◆ **Work to be completed**
Only the pictures are to be omitted; every entry beneath should otherwise be duplicated exactly.

Collected data entries
————

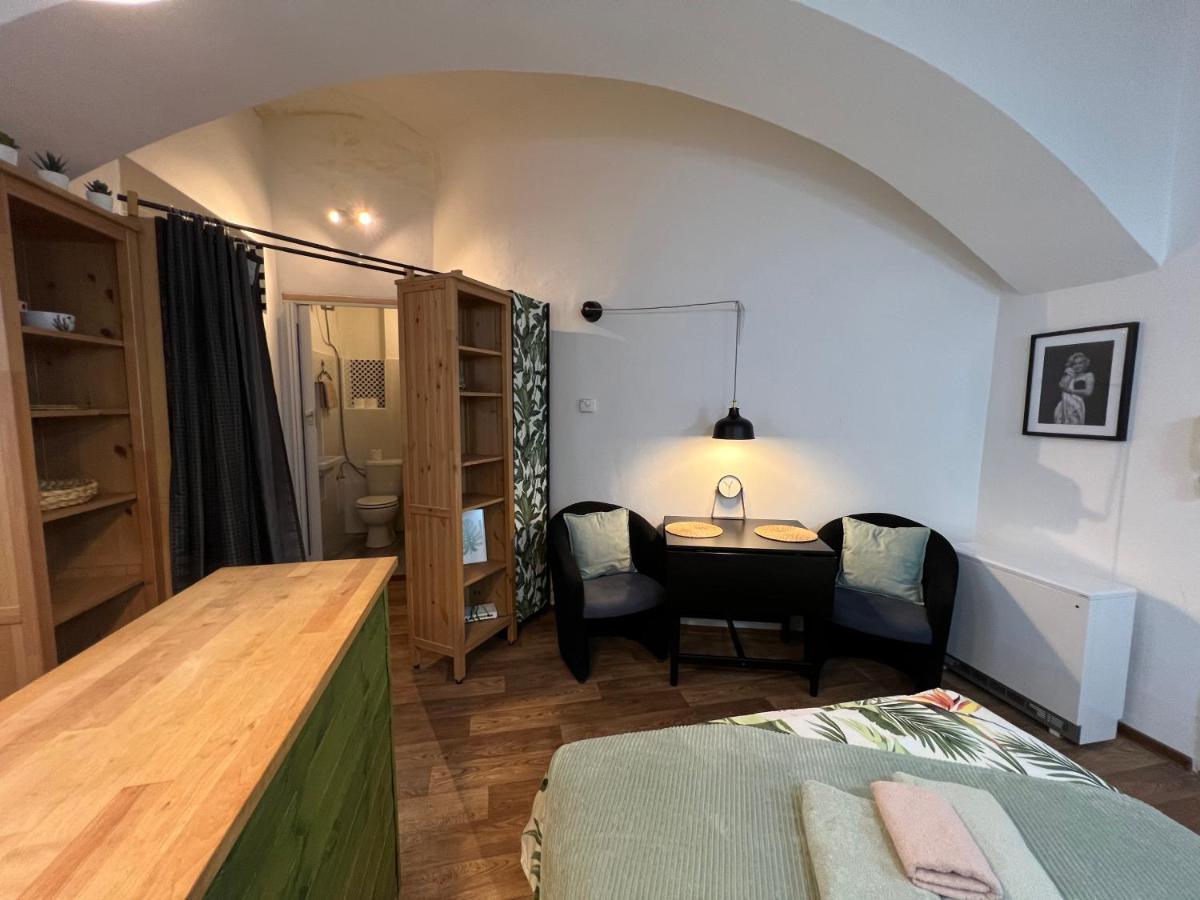 Fun Tiki Vibe / Charles Bridge / Netflix Praga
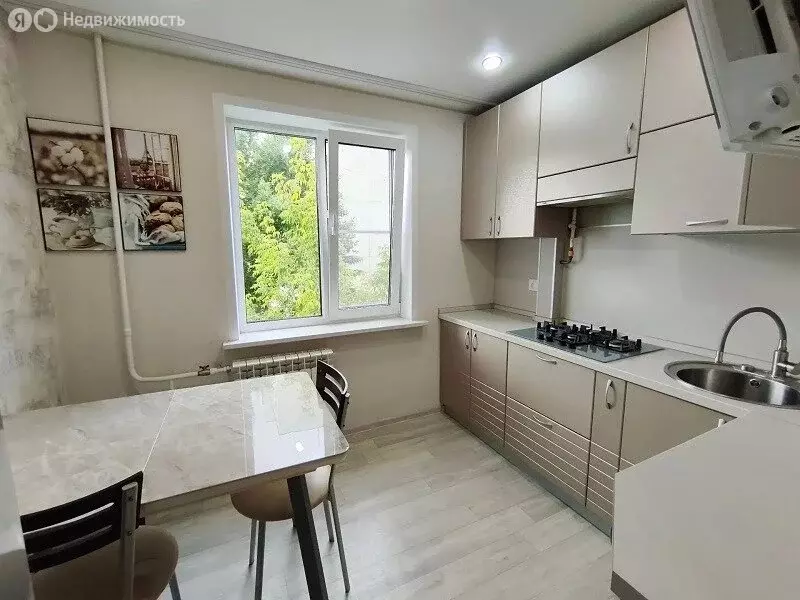 1-комнатная квартира: Тверь, улица Склизкова, 70к2 (38.4 м) - Фото 2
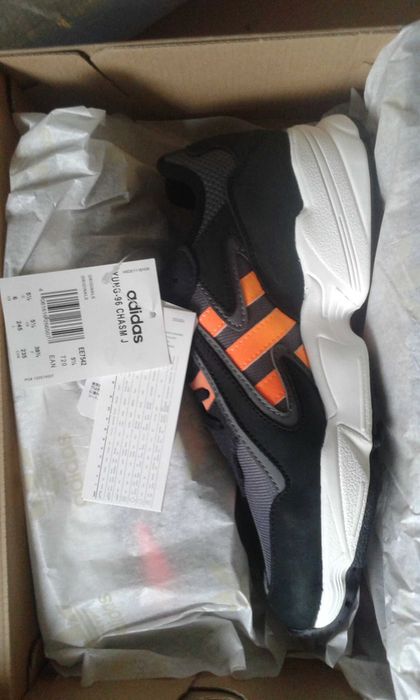 Buty adidas yung 96 chasm,rozm 38 2/3(24 cm)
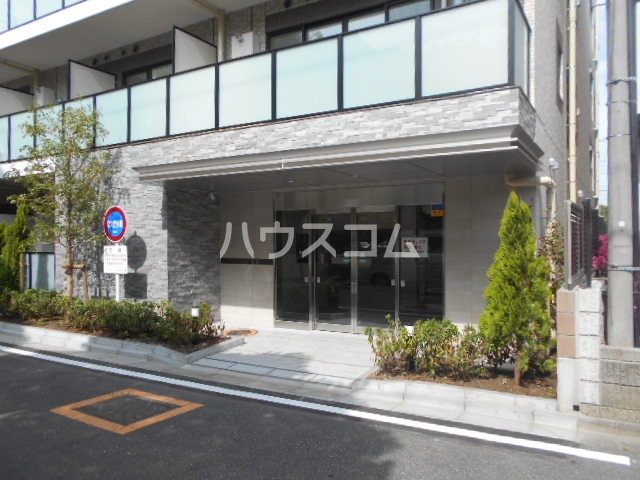 26/30 エントランス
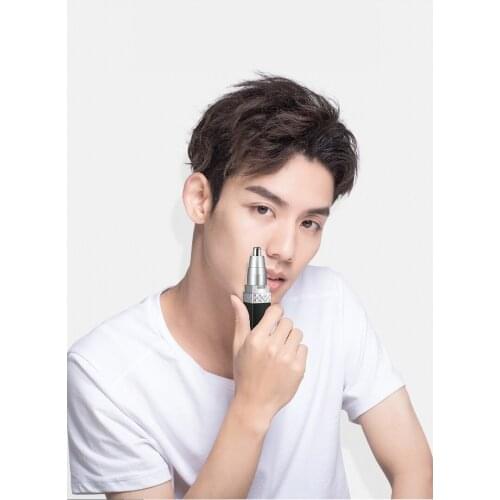 K.SKIN Quick Hair Removal with Electric Nose Hair Trimmer [No. 5 Battery] Nose and ear trimmer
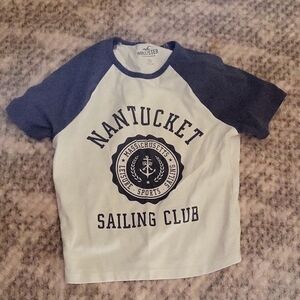 HOLLISTER BABY TEE SIZE XS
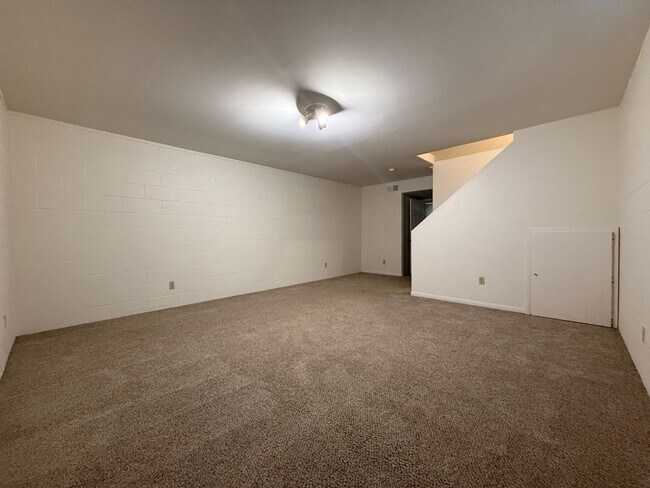 Building Photo - 432 E Avenue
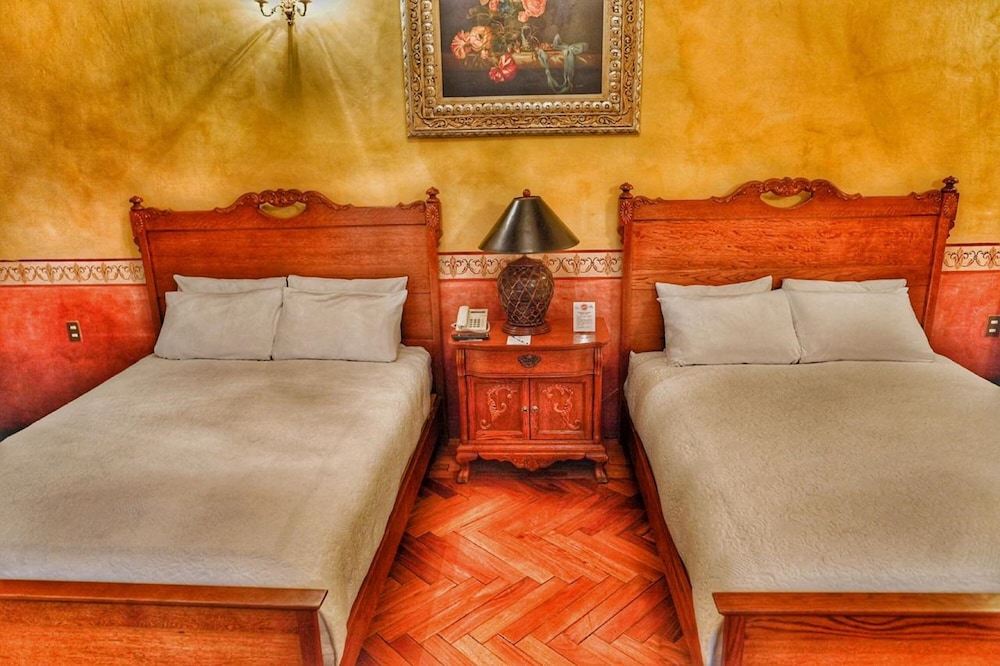 Royal Studio Suite, 2 Queen Beds - Photo 5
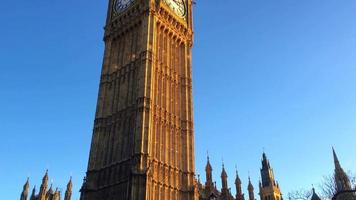 relógio big ben em Londres, Inglaterra Pan 4k video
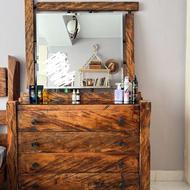 میزتوالت و پاتختی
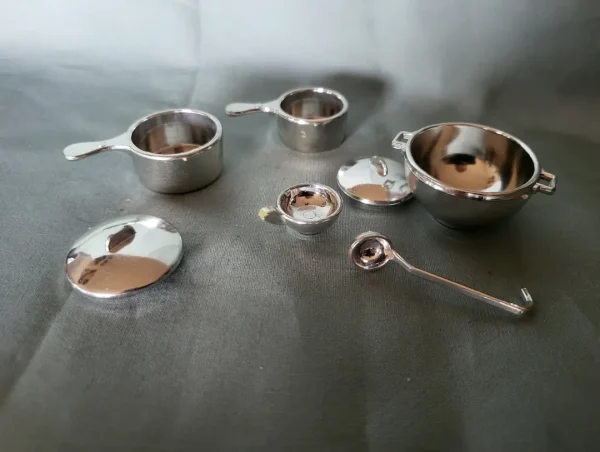 Poppenhuis keuken, pannenset zilver, inclusief poplepel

————

◆ **Finished exercise**
 Fun Tiki Vibe / Charles Bridge / Netflix Praga
 1-комнатная квартира: Тверь, улица Склизкова, 70к2 (38.4 м) - Фото 2
 Buty adidas yung 96 chasm,rozm 38 2/3(24 cm)
 26/30 エントランス
 K.SKIN Quick Hair Removal with Electric Nose Hair Trimmer [No. 5 Battery] Nose and ear trimmer
 HOLLISTER BABY TEE SIZE XS
 Building Photo - 432 E Avenue
 Royal Studio Suite, 2 Queen Beds - Photo 5
 relógio big ben em Londres, Inglaterra Pan 4k video
 میزتوالت و پاتختی
 Poppenhuis keuken, pannenset zilver, inclusief poplepel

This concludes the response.